### Problem to work on
In the records below, find the line with "魚勝: 食パンくんさんの2026年09月19日の1枚目の投稿写真", then copy each line exactly until you have copied the line with "Cinq raisons irrésistibles". Leave any picture out.

### Material shown
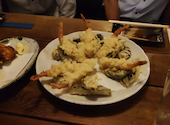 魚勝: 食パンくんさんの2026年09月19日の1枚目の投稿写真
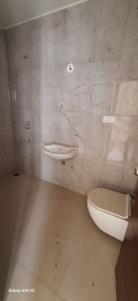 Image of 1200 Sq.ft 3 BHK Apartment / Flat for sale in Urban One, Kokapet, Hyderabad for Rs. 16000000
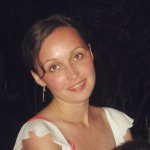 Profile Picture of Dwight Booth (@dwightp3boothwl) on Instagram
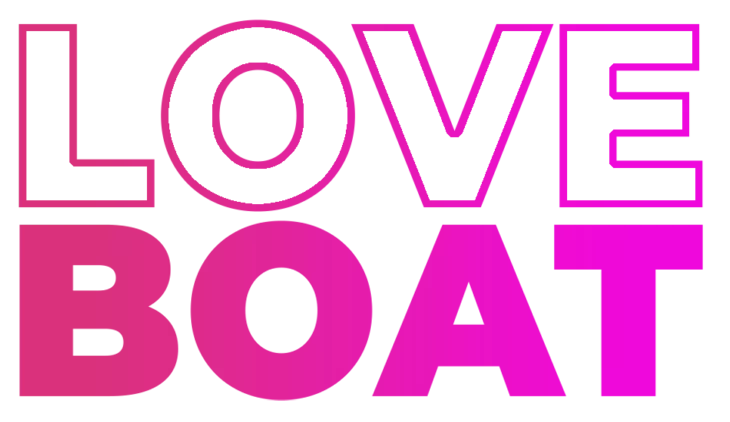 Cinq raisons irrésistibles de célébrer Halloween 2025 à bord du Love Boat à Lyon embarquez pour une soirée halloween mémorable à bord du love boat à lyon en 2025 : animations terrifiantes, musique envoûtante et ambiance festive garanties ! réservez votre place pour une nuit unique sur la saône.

==

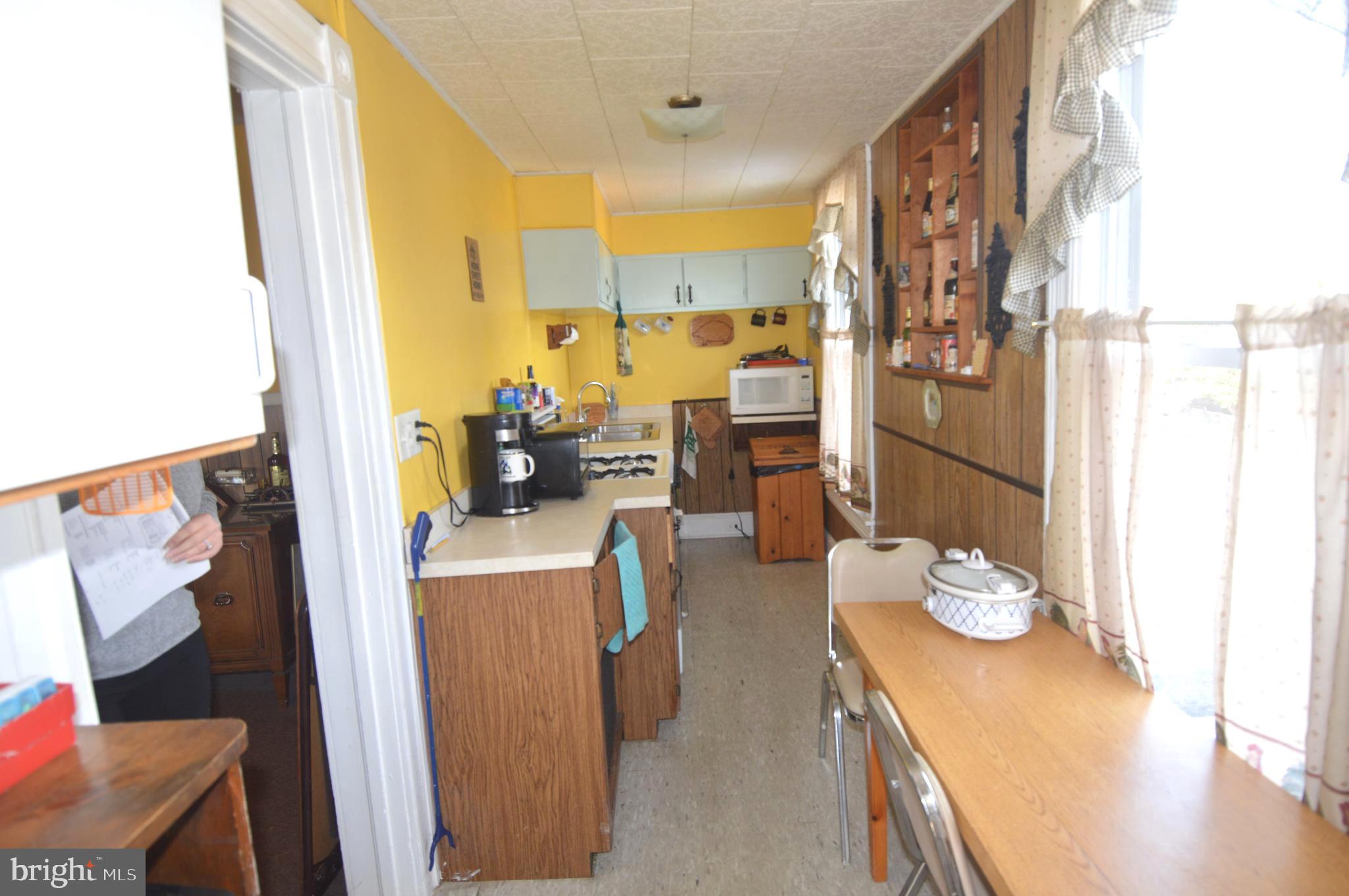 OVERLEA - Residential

### Solved exercise
 魚勝: 食パンくんさんの2026年09月19日の1枚目の投稿写真
 Image of 1200 Sq.ft 3 BHK Apartment / Flat for sale in Urban One, Kokapet, Hyderabad for Rs. 16000000
 Profile Picture of Dwight Booth (@dwightp3boothwl) on Instagram
 Cinq raisons irrésistibles de célébrer Halloween 2025 à bord du Love Boat à Lyon embarquez pour une soirée halloween mémorable à bord du love boat à lyon en 2025 : animations terrifiantes, musique envoûtante et ambiance festive garanties ! réservez votre place pour une nuit unique sur la saône.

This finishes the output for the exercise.